Forecasting helps the planner to agree targets. The forecast quantifies the benefit for shareholders or owners. It uses corporate performance indicators. Examples include -
- Return on equity
- Return on capital employed
- Growth in earnings per share
Learn from the past
‘Those who cannot remember the past are condemned to repeat it’ George Santayana, The Life of Reason Volume 1, Reason in Common Sense.
Useful information about the organization lies in its past. Making the effort to understand this can help in forecasting. Major changes in its patterns of performance raise issues important in the planning process. With these insights, planners are better able to find the organization's strengths and weaknesses. The planning team can make better-informed forecasts of the enterprise's future.
Long term and short term in business forecasting
Most long-term forecasts are of poor quality, bordering on completely useless.
Why?
First, forecasters do not use systematic processes. These reduce careless errors.
Second, forecasts fail because the future is uncertain.
There is a huge margin of error on long-range forecasts. You cannot use a forecast with huge errors.
Short-term forecasts usually contain masses of detail. This is because short-term forecasts help in day-to-day operational control, such as in budgets. Short-term forecasts are not as subject to big errors as are long-range forecasts.
Long-term forecasts, used in strategic planning must show the potential errors. They need little detail.
It is folly to put much store by single point forecasts. Yet, it is important o keep forecasts simple. For more on the value of simplicity in forecasting see Why Forecasts Fail.
In business, forecasting simplicity usually
beats sophistication
The key is simplicity.
What we need at this stage is a forecast of profits over the next five years. Base it on the recent past. Take account of changes in the environment. Do not count any possible response by the company. Assume that the company will continue on its present course unaltered. This assumption has the great advantage of reducing the scope for errors. It avoids unreal optimism over some new untried idea to improve company performance.
This forecasting of the current strategies into the future is the ‘base case’. It is the do-nothing scenario, or forecast-zero (Fo).
Even with this Fo forecast, big errors may be present. This is because the future is so uncertain. Be ready to face these uncertainties. How do we do this? We use a bracket of forecasts. We make a pessimistic and an optimistic forecast. You might also include a central 'most likely' forecast.

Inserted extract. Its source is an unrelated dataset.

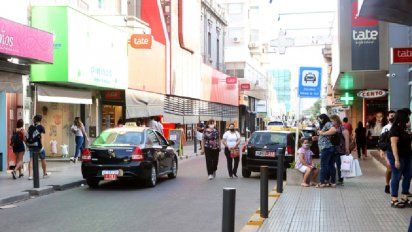 Ya hay 46 casos menos por día y ahora los controles harán foco en evitar un rebrote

This diagram shows a simplified version of such business forecasting. The vertical axis displays the indicator of corporate performance. This may be profits. The horizontal axis shows the planning time horizon in years. Fopt is the most optimistic forecast by the planning team. Fpes is the most pessimistic.
Now bring results of the target setting exercise together with these forecasts to conduct the gap analysis. The planning team can now compare the bracket target with the bracket forecast to determine the gas. Closing the gap is the strategic task for the organization.